Because I shorted everyone on the Rosemary show (at only about 15 minutes) and the fact that I had to work today (Saturday) I decided to hammer out another show I’ve had on my mind for a while.

So, in this episode I talk about these three tools that I think increase self-sufficiency:

1.  Soil Blocker

Helps you avoid buying tons of peat pots or peat pellets.  Makes hardening off and transplanting tons easier.

2.  Fiskars Tiller

Helps you avoid a gas powered tiller when you need to break up soil a bit for root crops such as carrots.  This tool also prevents the destratification of soil because it only breaks the soil instead of churning it.

3. Planting Bar or Dibbler

Helps you properly space your seeds without loosening the soil at all.  Helps you avoid making weeds.

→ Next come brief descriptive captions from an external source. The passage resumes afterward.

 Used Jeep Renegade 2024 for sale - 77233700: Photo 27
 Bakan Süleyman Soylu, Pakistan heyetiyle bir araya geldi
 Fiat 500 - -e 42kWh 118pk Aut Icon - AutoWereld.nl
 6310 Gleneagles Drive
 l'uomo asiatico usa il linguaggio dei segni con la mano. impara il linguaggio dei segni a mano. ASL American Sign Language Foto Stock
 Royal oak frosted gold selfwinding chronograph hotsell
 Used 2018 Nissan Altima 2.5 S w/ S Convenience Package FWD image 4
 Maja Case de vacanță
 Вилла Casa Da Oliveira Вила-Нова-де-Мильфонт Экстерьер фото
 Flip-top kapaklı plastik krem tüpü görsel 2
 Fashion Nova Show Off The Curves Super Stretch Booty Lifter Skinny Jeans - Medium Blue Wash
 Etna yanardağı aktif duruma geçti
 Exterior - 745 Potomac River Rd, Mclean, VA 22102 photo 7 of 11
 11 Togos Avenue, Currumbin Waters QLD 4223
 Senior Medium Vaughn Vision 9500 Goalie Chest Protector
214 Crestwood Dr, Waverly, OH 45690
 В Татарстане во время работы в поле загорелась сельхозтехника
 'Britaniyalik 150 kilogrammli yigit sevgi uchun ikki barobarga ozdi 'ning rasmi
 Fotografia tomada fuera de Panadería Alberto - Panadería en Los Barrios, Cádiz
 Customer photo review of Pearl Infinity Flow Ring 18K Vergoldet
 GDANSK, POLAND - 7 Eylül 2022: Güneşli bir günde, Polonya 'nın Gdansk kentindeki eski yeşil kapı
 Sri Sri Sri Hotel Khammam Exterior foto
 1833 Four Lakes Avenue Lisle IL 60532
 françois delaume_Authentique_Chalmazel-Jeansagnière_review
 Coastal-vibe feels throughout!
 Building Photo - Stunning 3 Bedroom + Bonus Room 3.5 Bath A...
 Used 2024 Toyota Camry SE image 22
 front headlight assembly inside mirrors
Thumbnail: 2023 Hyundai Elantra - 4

And one tool that I think has no place in a self-sufficient garden!

1.  Soil sensors

Why do you need a computer to tell you what your soil is like?  STICK YOUR HAND IN THE SOIL!  Sorry, had to do that!

5 comments to Episode 38 Three Tools for the Self-Sufficient Gardener

  • […] This post was mentioned on Twitter by Jason Akers, Jason Akers. Jason Akers said: Episode 38 Three Tools for the Self-Sufficient Gardener http://goo.gl/fb/GEEdB […]

  • We must be thinking along the same lines – I spoke about a Basic Garden Tool set, and your Blog covered a couple of great more advanced garden tools. Great timing, Jason.

    And your comment on the Soil Sensors? Right on the Money!

  • Jason

    Thank you my friend. I find that some of the tools that allow me to be lazier also allow me to be more self-sufficient….and lazy. 🙂


  • Arnica

    Being Devil’s Advocate here… what if you are a new gardener and are using the soil sensor to learn about your soil?

  • Jason

    That’s a really good question. I kind of hinted at how I’d handle that situation in the show but I never outright said it I think.

    If you are interested in learning about your soil there are much cheaper and accurate ways to do so. If I remember correctly, most extension offices will test your soil for free.

    I don’t begrudge anyone who bought one but if they use it as a proxy gardener instead of spending time in the dirt, then I personally believe they are headed in the wrong direction.

    I’ll repost my episode on soil types. I think people are surprised at how easy it is to analyze your own soil.